# [WINDOWS] {05/22} WET_ANDY * a UNIVERSAL splash screen converter and flashing tool



## childofthehorn (Oct 13, 2011)

Mod Type:: Boot Animation

Difficulty:: Very Easy

Mod Status:: Beta

Apply In:: ADB

Optional:: Custom Settings

Requires Root:: Yes

Optional:: Themed

Source:: 
*Meet Wet Andy, a UNIVERSAL splash screen tool. *








*Yes, you heard right, this is a tool that can take any standard image (jpg, png, bmp), convert it to the exact screen size of your device, and flash it to your device. *

*Custom splash screens have never been easier! It will work with API7 through API15 without issue (on the 8 different devices I tested). *

*STEPS: *

*1.* Connect your Device and enable USB Debugging. Start the "Wet Andy" program by clicking it.

*2*. Hit the "TEST ADB" button, it will tell you if your device is connected. (output can be seen as ADBTEST.txt in the folder)

*3.* Hit "PICK" and you must pick an image file that is JPG, BMP, or PNG using the file chooser.

*4.* Hit "CONVERT", you will not see the progress on screen, but when you see your image, display.txt, and splash.img in the program folder it has worked!
* This program auto converts the image to the size of your screen, so you can use any image. If your phone does not display its screen size in the props, the default is 480x800
*5.* Close the program. (ffmpeg has something weord where it keeps going, but don't worry as it WORKED.

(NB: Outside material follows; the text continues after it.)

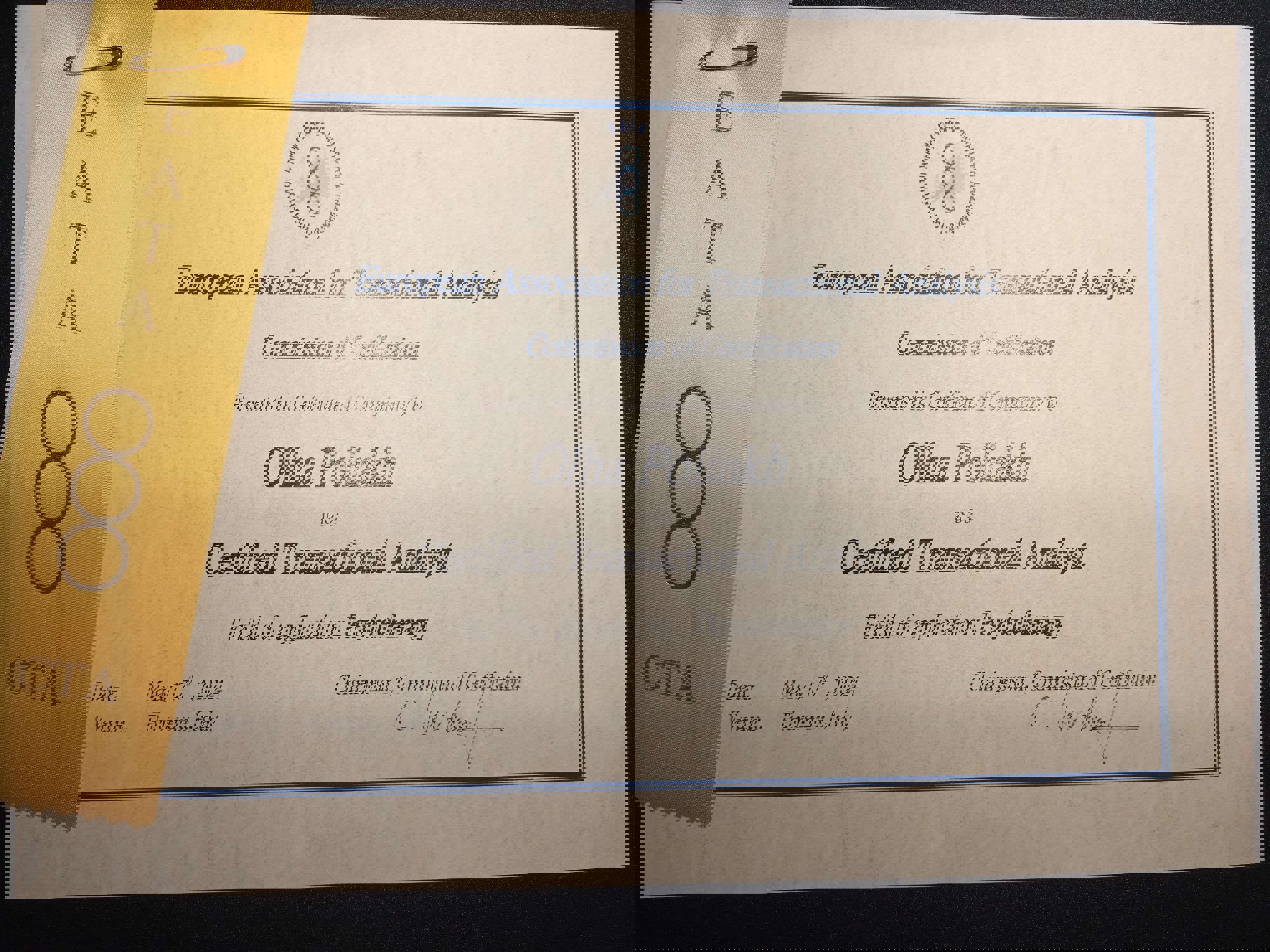 Сертифікат 2 Ольга По...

*6.* Restart the program and "TEST ADB"

*7*. Once you see it is connected, hit "Install"
* The phone will freeze, then reboot into the bootloader. From there, it will do the install.
* Once you see the screen go blank and the program show "Installing", it has installed and is rebooting
* You will see the new image as it boots!

TO REUSE AND FLASH ANOTHER IMAGE TO THE SPLASH, DELETE THE SPLASH.IMG !!!!

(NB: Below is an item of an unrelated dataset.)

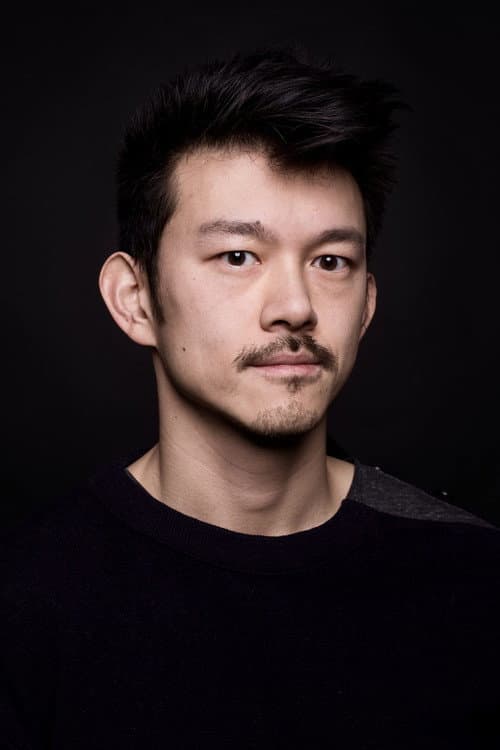 Pete Wu foto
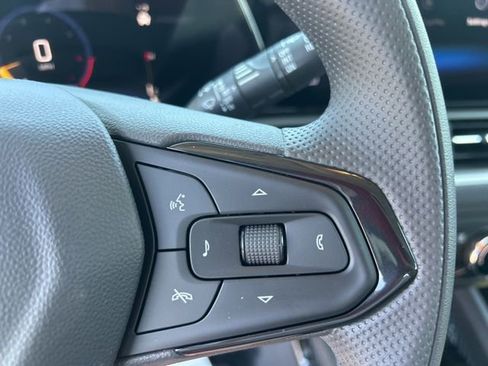 New 2026 Chevrolet TrailBlazer LS FWD image 17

*DOWNLOAD: http://dl.dropbox.co...ndy.windows.zip*

NOTICE: BY USING THIS PROGRAM, YOU AGREE TO THE RIGHTS AND PRIVILAGES OF GOOGLE AND THEIR SDK TOOLS


----------



## chdwrk (Dec 4, 2011)

Neat idea, any suggestions that i should try when files do not show up after clicking "convert"?


----------



## childofthehorn (Oct 13, 2011)

There should be a splash.img that appears in the folder and the picture you picked should also show up in the folder (it makes a copy).

You have to "PICK" a file before doing the conversion. It will load the file and tell you whether or not the file is of a valid type. Only after picking a file can you hit convert or else it is trying to convert and there is nothing loaded to convert.


----------



## chdwrk (Dec 4, 2011)

childofthehorn said:


> There should be a splash.img that appears in the folder and the picture you picked should also show up in the folder (it makes a copy).
> 
> You have to "PICK" a file before doing the conversion. It will load the file and tell you whether or not the file is of a valid type. Only after picking a file can you hit convert or else it is trying to convert and there is nothing loaded to convert.


 ok, will continue to try, have attempted with around a dozen jpg images but have yet to see anything appear in the folder other than an adb text document and a display text document. And yes, I am following the instructions. 

Sent from my Galaxy Nexus using Tapatalk 2


----------



## mafu6 (Jun 8, 2012)

Does this work on the HP Touchpad with CM9nightlys?


----------



## hesh.monster (Aug 2, 2011)

Assuming this will not work on Samsung devices?


----------